The Ghosts That Will Guard the Past
Every fort has ghosts, and the Red Fort’s spirits will prefer to stay underground. Locals will say that during certain nights, especially near Diwan-i-Khas, faint sounds of footsteps can be heard echoing from below the floor. Others will tell stories of cold air rising from old sealed wells — as if the tunnels still breathe.
Whether you will believe in ghosts or geology, these stories will keep Delhi’s nights alive with curiosity. Because in a city that has seen a thousand empires, who can say what truly sleeps beneath?

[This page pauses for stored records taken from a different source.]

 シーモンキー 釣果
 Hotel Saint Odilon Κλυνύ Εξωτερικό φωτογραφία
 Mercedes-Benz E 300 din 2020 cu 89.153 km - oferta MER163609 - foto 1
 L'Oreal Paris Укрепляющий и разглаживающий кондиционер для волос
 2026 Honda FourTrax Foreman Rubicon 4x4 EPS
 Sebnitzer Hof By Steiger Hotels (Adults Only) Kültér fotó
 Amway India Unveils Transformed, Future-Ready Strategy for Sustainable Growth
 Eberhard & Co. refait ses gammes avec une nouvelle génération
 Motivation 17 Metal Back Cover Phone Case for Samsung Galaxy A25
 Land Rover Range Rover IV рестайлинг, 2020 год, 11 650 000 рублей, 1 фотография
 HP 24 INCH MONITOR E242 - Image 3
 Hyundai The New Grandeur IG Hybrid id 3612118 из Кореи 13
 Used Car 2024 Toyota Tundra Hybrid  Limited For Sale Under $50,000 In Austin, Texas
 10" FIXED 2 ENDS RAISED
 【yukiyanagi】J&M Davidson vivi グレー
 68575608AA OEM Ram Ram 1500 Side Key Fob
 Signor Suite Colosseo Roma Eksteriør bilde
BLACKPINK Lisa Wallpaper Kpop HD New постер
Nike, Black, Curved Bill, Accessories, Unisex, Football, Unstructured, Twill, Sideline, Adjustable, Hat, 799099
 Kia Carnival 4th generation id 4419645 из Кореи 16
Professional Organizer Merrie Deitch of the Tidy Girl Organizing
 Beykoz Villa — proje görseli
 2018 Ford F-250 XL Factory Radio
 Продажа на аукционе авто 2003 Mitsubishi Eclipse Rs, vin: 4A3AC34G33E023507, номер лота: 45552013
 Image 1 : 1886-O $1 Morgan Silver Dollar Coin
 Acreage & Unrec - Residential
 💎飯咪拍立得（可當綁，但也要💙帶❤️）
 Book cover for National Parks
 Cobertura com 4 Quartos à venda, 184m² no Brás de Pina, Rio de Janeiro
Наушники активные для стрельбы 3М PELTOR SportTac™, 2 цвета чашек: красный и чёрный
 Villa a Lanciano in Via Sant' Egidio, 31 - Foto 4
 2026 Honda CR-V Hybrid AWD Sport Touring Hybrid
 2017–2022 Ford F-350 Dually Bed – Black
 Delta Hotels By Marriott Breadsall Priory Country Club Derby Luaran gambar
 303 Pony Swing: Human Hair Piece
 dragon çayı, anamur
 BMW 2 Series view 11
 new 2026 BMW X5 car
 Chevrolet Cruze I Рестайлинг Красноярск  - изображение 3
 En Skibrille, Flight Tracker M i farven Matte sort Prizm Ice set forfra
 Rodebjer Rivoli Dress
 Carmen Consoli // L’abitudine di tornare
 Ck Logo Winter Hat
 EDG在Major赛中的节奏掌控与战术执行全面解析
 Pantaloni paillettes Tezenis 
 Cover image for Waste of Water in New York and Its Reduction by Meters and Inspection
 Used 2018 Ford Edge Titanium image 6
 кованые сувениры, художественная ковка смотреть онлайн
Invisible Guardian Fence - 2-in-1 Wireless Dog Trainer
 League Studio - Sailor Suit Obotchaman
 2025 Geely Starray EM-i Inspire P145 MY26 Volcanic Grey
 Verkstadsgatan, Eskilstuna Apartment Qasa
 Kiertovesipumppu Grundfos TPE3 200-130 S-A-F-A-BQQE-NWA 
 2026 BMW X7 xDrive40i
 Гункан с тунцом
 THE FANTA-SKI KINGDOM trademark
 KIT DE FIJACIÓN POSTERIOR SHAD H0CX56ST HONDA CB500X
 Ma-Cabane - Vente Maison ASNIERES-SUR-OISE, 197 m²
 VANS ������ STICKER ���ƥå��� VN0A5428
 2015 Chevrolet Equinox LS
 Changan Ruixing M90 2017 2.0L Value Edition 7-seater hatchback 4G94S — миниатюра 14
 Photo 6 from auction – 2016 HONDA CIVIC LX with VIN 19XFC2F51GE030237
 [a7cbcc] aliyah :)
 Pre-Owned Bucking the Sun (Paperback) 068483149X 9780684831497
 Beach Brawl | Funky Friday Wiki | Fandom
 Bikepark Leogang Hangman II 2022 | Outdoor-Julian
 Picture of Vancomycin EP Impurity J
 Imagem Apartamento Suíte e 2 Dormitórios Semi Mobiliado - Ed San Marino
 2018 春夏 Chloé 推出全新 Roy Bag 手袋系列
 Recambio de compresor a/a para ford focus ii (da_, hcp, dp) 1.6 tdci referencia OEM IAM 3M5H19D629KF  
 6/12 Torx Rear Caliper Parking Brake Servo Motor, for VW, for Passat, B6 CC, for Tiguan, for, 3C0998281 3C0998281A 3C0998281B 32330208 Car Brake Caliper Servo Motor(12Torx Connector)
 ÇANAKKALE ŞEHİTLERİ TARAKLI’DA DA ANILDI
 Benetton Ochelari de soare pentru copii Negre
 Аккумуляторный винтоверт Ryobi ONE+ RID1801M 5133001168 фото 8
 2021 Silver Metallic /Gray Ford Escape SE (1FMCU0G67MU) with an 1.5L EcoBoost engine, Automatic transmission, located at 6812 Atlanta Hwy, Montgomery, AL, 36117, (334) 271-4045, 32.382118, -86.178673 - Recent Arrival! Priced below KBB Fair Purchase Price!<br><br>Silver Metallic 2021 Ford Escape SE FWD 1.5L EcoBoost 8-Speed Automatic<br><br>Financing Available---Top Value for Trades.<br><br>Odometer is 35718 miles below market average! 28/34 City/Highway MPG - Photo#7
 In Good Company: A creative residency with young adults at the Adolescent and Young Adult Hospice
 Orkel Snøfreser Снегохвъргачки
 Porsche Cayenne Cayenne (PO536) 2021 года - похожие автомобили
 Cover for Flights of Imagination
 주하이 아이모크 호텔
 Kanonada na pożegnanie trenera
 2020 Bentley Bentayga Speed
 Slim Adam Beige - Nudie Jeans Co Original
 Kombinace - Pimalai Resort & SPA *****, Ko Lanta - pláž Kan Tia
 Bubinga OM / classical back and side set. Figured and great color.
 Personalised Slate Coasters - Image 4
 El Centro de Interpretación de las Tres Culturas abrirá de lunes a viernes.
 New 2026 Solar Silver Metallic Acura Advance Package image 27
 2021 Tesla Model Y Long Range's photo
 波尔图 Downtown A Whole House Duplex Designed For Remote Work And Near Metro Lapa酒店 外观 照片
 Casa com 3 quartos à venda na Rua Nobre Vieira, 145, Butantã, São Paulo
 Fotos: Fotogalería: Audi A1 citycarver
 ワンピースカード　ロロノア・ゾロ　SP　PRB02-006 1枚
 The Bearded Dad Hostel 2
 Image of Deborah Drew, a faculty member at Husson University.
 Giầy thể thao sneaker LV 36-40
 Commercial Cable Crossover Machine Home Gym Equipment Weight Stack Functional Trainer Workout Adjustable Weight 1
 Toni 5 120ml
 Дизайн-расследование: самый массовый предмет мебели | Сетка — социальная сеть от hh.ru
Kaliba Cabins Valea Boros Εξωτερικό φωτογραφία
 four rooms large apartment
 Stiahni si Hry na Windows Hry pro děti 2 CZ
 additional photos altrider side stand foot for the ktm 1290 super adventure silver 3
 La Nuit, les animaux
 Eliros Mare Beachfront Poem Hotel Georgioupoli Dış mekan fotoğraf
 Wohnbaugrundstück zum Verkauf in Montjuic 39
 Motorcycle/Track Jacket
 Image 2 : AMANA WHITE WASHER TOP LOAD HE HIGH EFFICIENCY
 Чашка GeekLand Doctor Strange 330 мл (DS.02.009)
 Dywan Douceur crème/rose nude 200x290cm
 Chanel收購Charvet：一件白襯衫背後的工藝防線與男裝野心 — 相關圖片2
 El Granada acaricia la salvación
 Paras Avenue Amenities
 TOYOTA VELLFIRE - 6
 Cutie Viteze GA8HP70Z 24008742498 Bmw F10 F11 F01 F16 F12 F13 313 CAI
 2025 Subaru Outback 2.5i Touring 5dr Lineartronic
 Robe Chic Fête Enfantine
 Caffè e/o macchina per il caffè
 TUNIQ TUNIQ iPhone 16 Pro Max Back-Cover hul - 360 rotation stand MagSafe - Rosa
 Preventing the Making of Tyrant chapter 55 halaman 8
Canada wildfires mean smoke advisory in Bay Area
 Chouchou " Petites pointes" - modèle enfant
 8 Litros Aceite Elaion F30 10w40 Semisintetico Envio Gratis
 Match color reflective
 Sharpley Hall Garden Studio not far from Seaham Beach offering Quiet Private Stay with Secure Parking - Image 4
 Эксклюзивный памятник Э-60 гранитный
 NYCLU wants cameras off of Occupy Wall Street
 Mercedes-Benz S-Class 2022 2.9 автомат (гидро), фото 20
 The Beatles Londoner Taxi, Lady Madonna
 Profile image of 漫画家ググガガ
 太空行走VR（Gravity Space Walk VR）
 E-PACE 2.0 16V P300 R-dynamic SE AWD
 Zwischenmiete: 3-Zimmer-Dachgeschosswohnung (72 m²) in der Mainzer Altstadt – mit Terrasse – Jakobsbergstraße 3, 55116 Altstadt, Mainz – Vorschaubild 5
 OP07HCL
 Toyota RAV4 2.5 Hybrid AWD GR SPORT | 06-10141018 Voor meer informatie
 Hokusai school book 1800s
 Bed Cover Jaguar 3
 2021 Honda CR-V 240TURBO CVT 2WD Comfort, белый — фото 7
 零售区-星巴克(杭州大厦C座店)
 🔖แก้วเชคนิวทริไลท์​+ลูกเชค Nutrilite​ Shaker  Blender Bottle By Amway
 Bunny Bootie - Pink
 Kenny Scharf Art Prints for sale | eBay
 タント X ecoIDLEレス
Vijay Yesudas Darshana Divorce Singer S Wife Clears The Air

Modern Delhi Will Try to Find Them
As metro tunnels will snake under Old Delhi and restoration projects will dig deeper, Delhi’s archaeologists will continue to search for the lost paths. Ground-penetrating radars, heritage surveys, and old Mughal maps will be studied to piece together the underground puzzle. A few segments will be found, many lost forever, and some sealed to protect them from collapse.
Delhi will realize that the city it knows above ground is only half the story — the rest lies hidden, waiting for someone brave enough to uncover it.
What Will the Tunnels Reveal?
If these tunnels will ever be fully explored, they might reveal clues about Delhi’s Mughal engineering, secret routes for royal escape, or even evidence of British colonial passages. They might also show how the Yamuna’s course once hugged the fort — a reminder that Delhi’s geography has changed as much as its rulers.
But perhaps, the greatest truth they will reveal is this — that Delhi was built not just with stone and marble, but with imagination, mystery, and a little bit of magic.
Conclusion – Delhi Will Always Keep a Secret
Whether these tunnels are real or just the city’s favorite myth, they will remain part of Delhi’s allure. Because in Delhi, every rumor has roots, and every root has a story. The Red Fort will continue to stand tall, watching centuries pass, guarding its mysteries below ground and its pride above it.
And maybe someday, when another wall will crumble, Delhi will whisper again — revealing one more piece of the story it was never ready to tell.